The Music of Made in Abyss
The music of Made in Abyss is an Integral part of the anime, that ties everything together perfectly. Composed by Kevin Penkin, the soundtrack masterfully captures the unique and wonderous atmosphere of the Abyss. It consists of everything from ambient and atmospheric escapades to the downright ethereal and cathartic cacophonies.
The music is deeply atmospheric and it helps in the immersion of this mysterious and fantastical world of the Abyss. Every piece in the composition evokes a sort of wonder, curiosity, and a sense of foreboding. The leitmotif of mystery and adventure accompanies every sound
Ambient tracks like The First Layer are reminiscent of snowy peaks or frozen dungeons. It evokes a sort of nostalgia for memories you have never experienced, it’s beautiful and invites mystery, and yet, at the same time, it feels series.
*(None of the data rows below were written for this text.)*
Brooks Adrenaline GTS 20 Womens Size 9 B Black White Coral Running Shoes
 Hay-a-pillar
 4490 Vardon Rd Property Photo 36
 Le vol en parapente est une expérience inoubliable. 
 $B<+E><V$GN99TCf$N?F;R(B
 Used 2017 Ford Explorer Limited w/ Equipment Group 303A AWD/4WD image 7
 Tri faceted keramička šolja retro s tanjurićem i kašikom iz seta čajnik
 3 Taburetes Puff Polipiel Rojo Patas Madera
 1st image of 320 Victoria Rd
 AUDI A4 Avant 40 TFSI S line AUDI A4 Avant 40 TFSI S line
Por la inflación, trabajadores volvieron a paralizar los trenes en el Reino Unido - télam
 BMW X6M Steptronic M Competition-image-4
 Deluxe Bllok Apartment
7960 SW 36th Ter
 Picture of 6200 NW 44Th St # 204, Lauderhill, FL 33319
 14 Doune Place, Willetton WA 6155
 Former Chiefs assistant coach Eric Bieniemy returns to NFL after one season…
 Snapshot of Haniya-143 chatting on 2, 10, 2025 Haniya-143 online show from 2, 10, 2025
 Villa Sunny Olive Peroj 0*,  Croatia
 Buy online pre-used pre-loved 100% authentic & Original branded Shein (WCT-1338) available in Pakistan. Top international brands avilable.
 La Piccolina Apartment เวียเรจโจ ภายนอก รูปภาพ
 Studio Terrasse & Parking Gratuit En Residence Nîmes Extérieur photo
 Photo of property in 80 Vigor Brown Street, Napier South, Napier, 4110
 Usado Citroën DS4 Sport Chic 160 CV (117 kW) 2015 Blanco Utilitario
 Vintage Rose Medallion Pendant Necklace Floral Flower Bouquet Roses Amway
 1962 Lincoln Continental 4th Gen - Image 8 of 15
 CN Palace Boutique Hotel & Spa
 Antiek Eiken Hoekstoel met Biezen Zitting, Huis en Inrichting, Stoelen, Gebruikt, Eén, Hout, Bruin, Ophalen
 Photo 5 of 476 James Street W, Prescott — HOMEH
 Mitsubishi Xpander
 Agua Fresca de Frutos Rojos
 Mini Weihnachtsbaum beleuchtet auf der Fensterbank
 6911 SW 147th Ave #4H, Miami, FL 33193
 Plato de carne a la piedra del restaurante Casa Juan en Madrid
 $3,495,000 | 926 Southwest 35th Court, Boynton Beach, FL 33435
Tracks like Hanazeve Caradhina masterfully encompass so many emotions together that it’s almost overwhelming. It’s a blend of dread, mournful, tragic but it also represents hope, journey, resolute. It’s a rollercoaster of emotions by itself.
The Rumble of Scientific Triumph blooms into something so grandiose, it really makes you feel in the moment, that you are witnessing something that cannot be described by mere words. And then there is Transcendence and Caradhina which borrows an earlier motif again and transforms it into something that feels incredibly cathartic.
Do I even say anything about Old Stories and VOH? Genuinely, some of the best music pieces I have heard in my life. The layering is so immaculate, the vocals are spine-chilling, and the composition is just incredible.
I don’t have enough knowledge of music theory to describe any of it properly or in inaccurate terms, but what I do know is that Made in Abyss so far has been Kevin Penkin’s masterpiece, his best work yet. And he will reach even greater heights and I am here for it!
When describing Made in Abyss, I often find myself to be at a loss for words. Every aspect of it radiates the air of mystery and adventure. The world itself is so fascinating, it is not without extreme dangers but it is a place I want to explore on my own.
The anime and the manga play to their respective strengths. Although the manga lacks extremely vital sound and music pieces, it engages your curiosity and fills your imagination with an art style that is equal parts abstract and equal parts haunting.
As for the anime, it couldn’t possibly be any more perfect than it already is. It uses every card it has up to its fullest potential to craft this amazing experience that will forever be etched into your mind.
“I find it hard to say this, but…
If you come back and say, ‘It’s impossible after all,’ it’d be oh so nice…
I’ve seen off all kinds of people who leave on journeys they won’t return from…
But… today is the saddest I’ve ever felt.”